# 3 week old plant discolored and spots



## biggin1212 (Mar 17, 2010)

Does anyone know what is wrong with this plant.? It is 3weeks old growing under cfl and t-5's, in soil and using fox farm nutes. when i check a nute deficiency chart this doesn't look like any of the photos on the chart. Please I need some expert advise. This is a ak-48 from a seed bank. I know that it needs to be transplanted to larger pot but iy has looked this way from the very first week of growing so I don't think it can be from being root bound.


----------



## erwinsweeney (Mar 17, 2010)

biggin1212 said:
			
		

> Does anyone know what is wrong with this plant.? It is 3weeks old growing under cfl and t-5's, in soil and using fox farm nutes. when i check a nute deficiency chart this doesn't look like any of the photos on the chart. Please I need some expert advise.
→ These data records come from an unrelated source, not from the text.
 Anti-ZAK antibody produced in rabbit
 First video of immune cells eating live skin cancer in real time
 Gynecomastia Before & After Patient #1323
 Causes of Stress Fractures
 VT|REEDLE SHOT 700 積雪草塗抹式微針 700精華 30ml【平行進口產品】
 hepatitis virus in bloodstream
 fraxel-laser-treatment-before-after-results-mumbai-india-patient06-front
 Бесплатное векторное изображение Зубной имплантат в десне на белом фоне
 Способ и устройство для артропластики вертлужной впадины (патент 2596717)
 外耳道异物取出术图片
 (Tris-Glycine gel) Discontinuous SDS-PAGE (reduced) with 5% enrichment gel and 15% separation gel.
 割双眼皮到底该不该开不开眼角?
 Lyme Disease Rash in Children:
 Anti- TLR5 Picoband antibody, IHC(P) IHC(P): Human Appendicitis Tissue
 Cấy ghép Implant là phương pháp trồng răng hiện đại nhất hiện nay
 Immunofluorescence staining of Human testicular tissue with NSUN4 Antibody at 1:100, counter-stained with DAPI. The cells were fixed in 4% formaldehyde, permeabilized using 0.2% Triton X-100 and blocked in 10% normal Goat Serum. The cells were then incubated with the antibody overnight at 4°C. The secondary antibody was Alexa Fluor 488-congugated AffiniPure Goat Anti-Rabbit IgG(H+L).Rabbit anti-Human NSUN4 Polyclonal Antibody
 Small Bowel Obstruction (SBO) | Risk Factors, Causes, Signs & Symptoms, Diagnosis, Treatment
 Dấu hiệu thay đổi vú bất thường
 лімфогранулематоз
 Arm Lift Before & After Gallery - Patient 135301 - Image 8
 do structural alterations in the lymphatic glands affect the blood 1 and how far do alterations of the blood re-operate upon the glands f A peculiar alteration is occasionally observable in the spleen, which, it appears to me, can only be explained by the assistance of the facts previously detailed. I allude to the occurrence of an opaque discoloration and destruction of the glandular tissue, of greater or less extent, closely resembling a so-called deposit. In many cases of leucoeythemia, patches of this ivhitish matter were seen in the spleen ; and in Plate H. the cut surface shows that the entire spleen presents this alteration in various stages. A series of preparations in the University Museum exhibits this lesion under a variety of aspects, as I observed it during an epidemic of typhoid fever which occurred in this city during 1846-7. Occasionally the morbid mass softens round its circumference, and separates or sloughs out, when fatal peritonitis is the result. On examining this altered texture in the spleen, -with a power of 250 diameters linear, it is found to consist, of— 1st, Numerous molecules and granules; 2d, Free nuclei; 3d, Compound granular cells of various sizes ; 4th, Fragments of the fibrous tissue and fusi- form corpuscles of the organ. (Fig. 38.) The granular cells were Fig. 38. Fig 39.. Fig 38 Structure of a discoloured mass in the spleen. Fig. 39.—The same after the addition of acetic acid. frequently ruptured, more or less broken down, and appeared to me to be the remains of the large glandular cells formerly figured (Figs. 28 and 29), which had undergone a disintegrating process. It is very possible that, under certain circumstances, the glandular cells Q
This is a ak-48 from a seed bank.


 

Hello Biggin.  I grow a lot of ak-48.  I have found one of the phenos to be very nute sensitive.  I also grow in soil and use the Fox Farms Trio nutrients.  If you are also using the Fox Farms Ocean Forest soil as I do, you do not need to use ANY of the bottled nutes for at least a month into growth.  I have gone as much as 5 1/2 weeks in fox farms ocean forest soil without adding nutes, at which point I started with only the grow big at 1/4 tsp per gallon.  I keep the ph of the nutrient solution at 6.5, and would advise you to chech the ph level of the runoff water.  If the runoff is not also 6.5, then adjust your solution ph accordingly so that your runoff is 6.5.  I have found that the ak-48 likes a little extra dose of cal/mag when adding nutrients.  I use between 1/2 and 1 tsp per gallon of Botanicare cal/mag plus when feeding.  I like the ak a lot, once you get her figured out on what she wants and when.  She yields very nice, and grows very short and VERY bushy.  You can check out my current and past grow journals in my signature and see some that I'm growing.  Also I would recommend that you transplant ASAP into bigger containers.  I grow in 2 or 3 gallon containers, and get them into the big containers as soon I can.


----------



## biggin1212 (Mar 17, 2010)

thank you for the help. I use farlands 2 mix with no nutes in the soil so I have start fertilizing early on. I may have waited too long. It looks somewhat like mag. def. what do you think and how can I fix this?


----------



## erwinsweeney (Mar 17, 2010)

I would transplant into bigger container, and add some cal/mag plus to the feed.  Is your ph good?


----------



## kal el (Mar 17, 2010)

What's your ph? It looks like some nutes are being locked out.


----------



## biggin1212 (Mar 17, 2010)

I do not have cal/mag,what else can I use? my ph is at 6.2


----------



## todoobie (Mar 17, 2010)

10k ques. is PH, did ya splash water/nute on it ?


----------



## erwinsweeney (Mar 17, 2010)

biggin1212 said:
			
		

> I do not have cal/mag,what else can I use? my ph is at 6.2


 
The Fox Farms nutes have some in it, but with the ak-48, I have found it to be not quite enough.  Cal/Mag supplement can usually be had at a hydro shop for less than $20 for a quart.  I have purchased it on ebay for less than $20 including shipping.  I'm not sure what you could use in lieu of it.  I've heard people using horticultural epsom salts, but I have not used them myself. Also, I think your PH is a little low.  I've had the best results from ak-48 keeping it right at 6.5.  If you haven't already, test the runoff water, and see where its at.  From what I've learned when your growing in soil and your ph goes below 6.3, you start locking things out.  That could be the reason you are experiencing a deficiency.


----------



## Budders Keeper (Mar 17, 2010)

http://www.marijuanapassion.com/forum/attachment.php?attachmentid=1833&d=1141100090
^^ph charts

Your locking out cal mag and phosphorus at 6.2ph...I did it too


----------



## Droopy Dog (Mar 17, 2010)

Budders Keeper said:
			
		

> http://www.marijuanapassion.com/forum/attachment.php?attachmentid=1833&d=1141100090
> ^^ph charts
> 
> Your locking out cal mag and phosphorus at 6.2ph...I did it too



Dolomite Lime mixed into the soil you are going to transplant into. 1tbl/gallon of soil.  Should fix the pH right up along with the cal mag issue.

DD


----------



## biggin1212 (Mar 18, 2010)

i will get some cal mag from ebay today.I need a better vway of testing ph. what would be a good inexpensive meter from ebay i could get?


----------



## Droopy Dog (Mar 18, 2010)

biggin1212 said:
			
		

> i will get some cal mag from ebay today.I need a better vway of testing ph. what would be a good inexpensive meter from ebay i could get?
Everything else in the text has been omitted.